While Qualcomm can’t deny that it has a policy of supplying chips only to companies licensed to its patent portfolio, its lawyers have nevertheless come up with a multiplicity of attack vectors to make the case against the case against Qualcomm in this context:

They try to define the relevant market broadly enough to be able to claim they didn’t have a monopoly.

They deny that the “no license-no chips” policy resulted in the acceptance of supra-FRAND patent royalties by licensees. Qualcomm argues that its standard 5% rate is FRAND anyway. The FTC will have a licensing expert testify to the opposite, and there’s Huawei’s testimony that Qualcomm’s royalties alone account for 80%-90% of its total patent licensing cost, as well as similar testimony from other licensees. In an effort to argue that its royalty rate is accepted regardless of “no license-no chips,” Qualcomm points to companies that, at different points in time, accepted that rate despite not being chipset customers at the time (in some cases because Qualcomm wasn’t even selling chipsets yet).

One of the problems here is comparability, especially of very old license deal that involved foundational patents that have expired since. Foundational patents can be so valuable that even a small number of them gives a patent holder more leverage than a larger number of patents building on breakthrough innovations later (which makes them relatively narrow). And even if Qualcomm had (as it said it might have) already made FRAND pledges with respect to certain patents at the time of concluding a given license deal, the FRAND licensing obligation actually doesn’t kick in until the standard has been adopted and someone requests a license in order to implement the standard.

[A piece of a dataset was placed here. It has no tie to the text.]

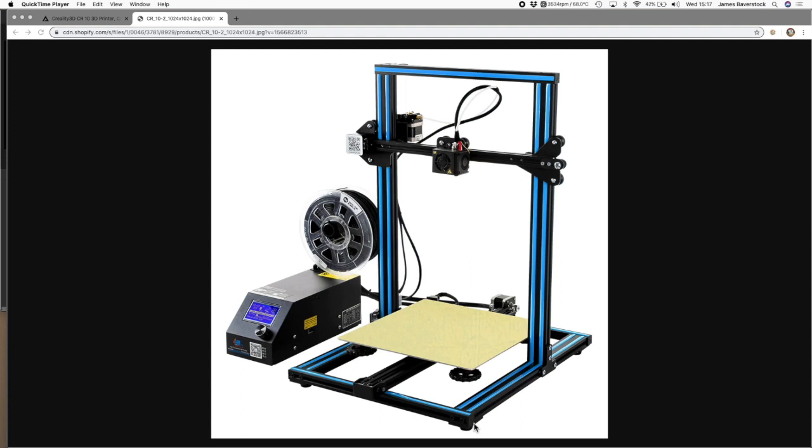For the printer, the main parts that I would probably deal with are this part down here, which is called the bed. This is heated up from this little cable, and it helps the plastic melt a little bit to stick to the bed.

Qualcomm’s last line of defense is to claim that there was no bottom-line (rule of reason) anticompetitive harm. First, they categorically deny that there would have been anticompetitive harm even if some companies had accepted supra-FRAND royalties; but that’s not really a mainstream position under the case law, no matter how badly Assistant Attorney General Makan Delrahim would like things to work that way. Second, they stress that they never actually did cut off, or would ultimately actually have cut off, chip supplies. Third, they say that whoever threatened anyone with a cutoff of chip supplies if someone didn’t take a patent license (particularly, Eric Reifschneider) wouldn’t have had the authority anyway to make a decision on chipset shipments. That point was stressed in particular by Qualcomm president Cristiano Amon.

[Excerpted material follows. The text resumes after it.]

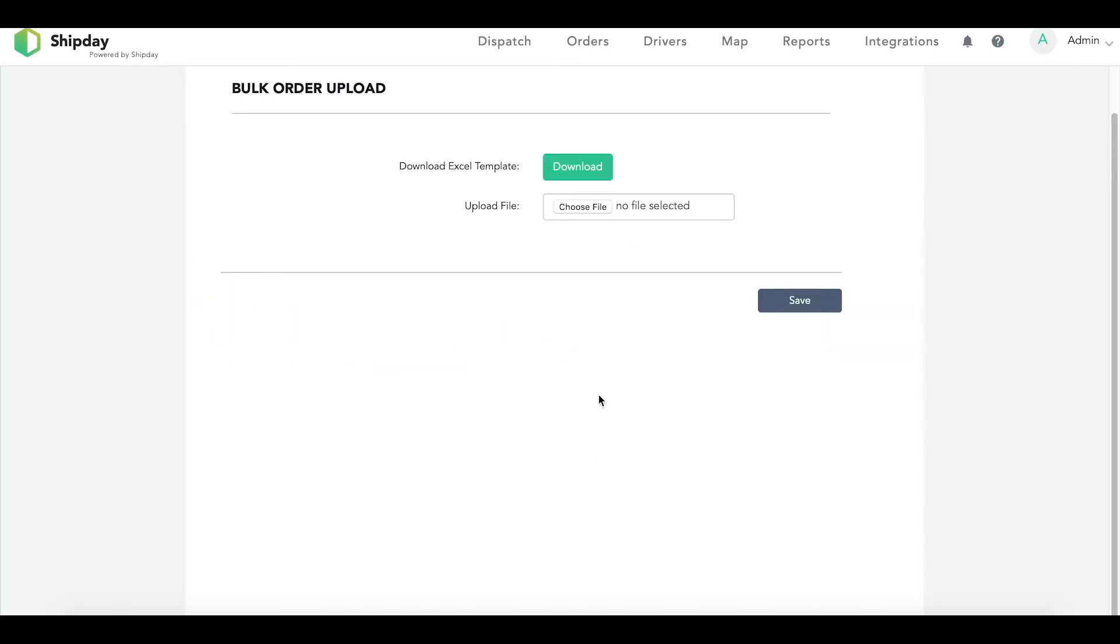Welcome back! In this two-part video series, I am going to explain the routing optimization feature and how to use it. In this first part, I will be showing you how to download your bulk order Excel sheet, fill it out, and upload it back onto your ShipDay account.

At this point, I’m unconvinced of those defenses being strong enough to avoid a holding that at least some of Qualcomms behavior in the “no license-no chips” context was an antitrust violation and indeed caused anticompetitive harm (in the form of consumers ultimately paying higher prices for their wireless devices). I said “at this point” because there will be seven more trial days, and some testimony was sealed.

Let’s start with the last point: the claim that people like Mr. Reifschneider didn’t have the authority to carry out the threat. It’s obvious that in a large organization like Qualcomm, and especially when there are formally separate entities in place (QCT for the chips and QTL for patent licensing), someone working in division A can’t just make decisions for division B. However, that doesn’t mean the guy from division A couldn’t just call someone in division B, or take the matter to a higher level of the organization, and chipset supplies would be cut off just because someone didn’t agree to Qualcomm’s licensing terms.

The FTC showed a passage from a Qualcomm chip supply agreement that its trial brief (significant parts of which have been unsealed by Judge Lucy H. Koh) also mentions:

“For example, Qualcomm’s supply agreement with LG Electronics provides that Qualcomm ‘may terminate this Agreement if [LGE] is in default under the License’ […] Other supply agreements contain similar terms.”

Footnote 4 even says that “[a] term to this effect appears in virtually all of Qualcomm’s Component Supply Agreements.”

Such a cross-over clause that creates a hard legal connection between a license agreement with one entity and a supply agreement with another entity makes it rather clear that those entities (QCT and QTL) did not operate totally indepenently, but very much kept the overarching interests of the parent company in mind.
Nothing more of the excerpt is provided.